**What you have to do**
Copy the lines below exactly, starting at the one with "Vintage Toscany Porcelain" and ending at the one with "2020 HITACHI ZX135US-5", and leave out any picture.

Segment Start: Given entries

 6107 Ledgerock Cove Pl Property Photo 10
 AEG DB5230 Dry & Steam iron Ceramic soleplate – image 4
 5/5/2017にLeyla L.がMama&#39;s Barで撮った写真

Segment End: Given entries
Segment Start: Given entries

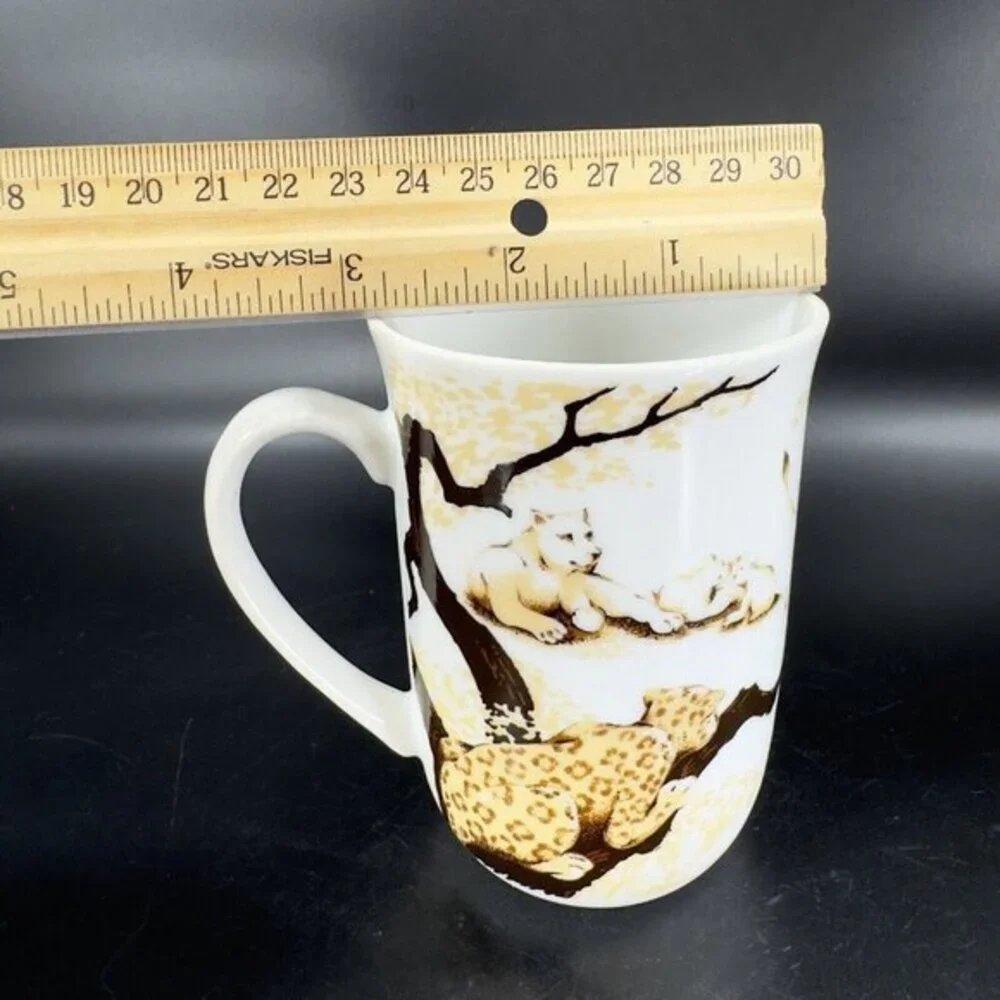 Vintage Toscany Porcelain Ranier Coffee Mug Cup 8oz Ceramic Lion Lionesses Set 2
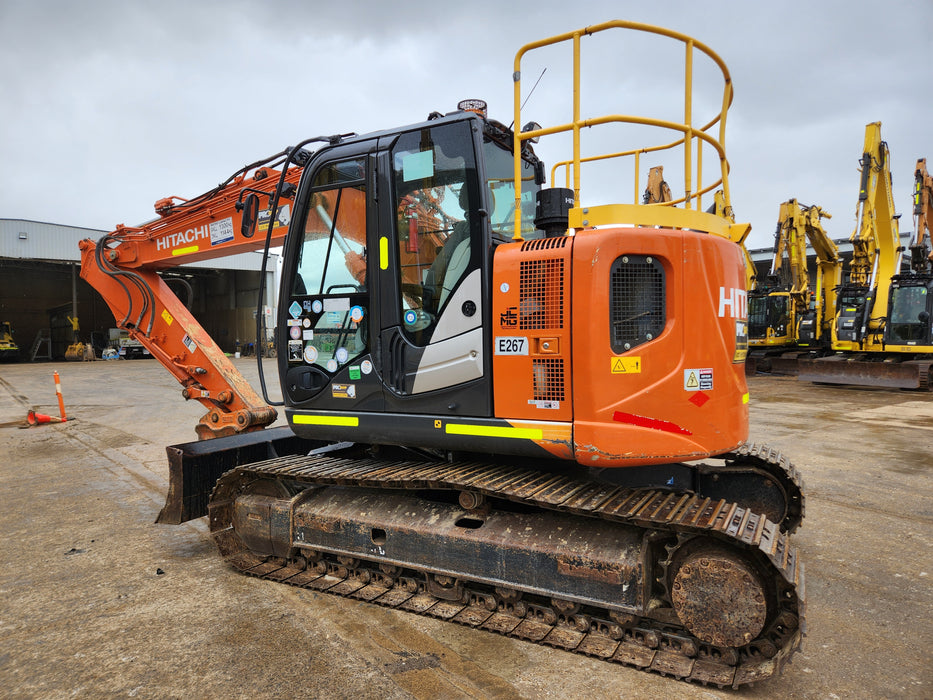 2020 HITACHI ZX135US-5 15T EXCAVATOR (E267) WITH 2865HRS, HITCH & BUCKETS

Segment End: Given entries

**Exercise result**
 Vintage Toscany Porcelain Ranier Coffee Mug Cup 8oz Ceramic Lion Lionesses Set 2
 2020 HITACHI ZX135US-5 15T EXCAVATOR (E267) WITH 2865HRS, HITCH & BUCKETS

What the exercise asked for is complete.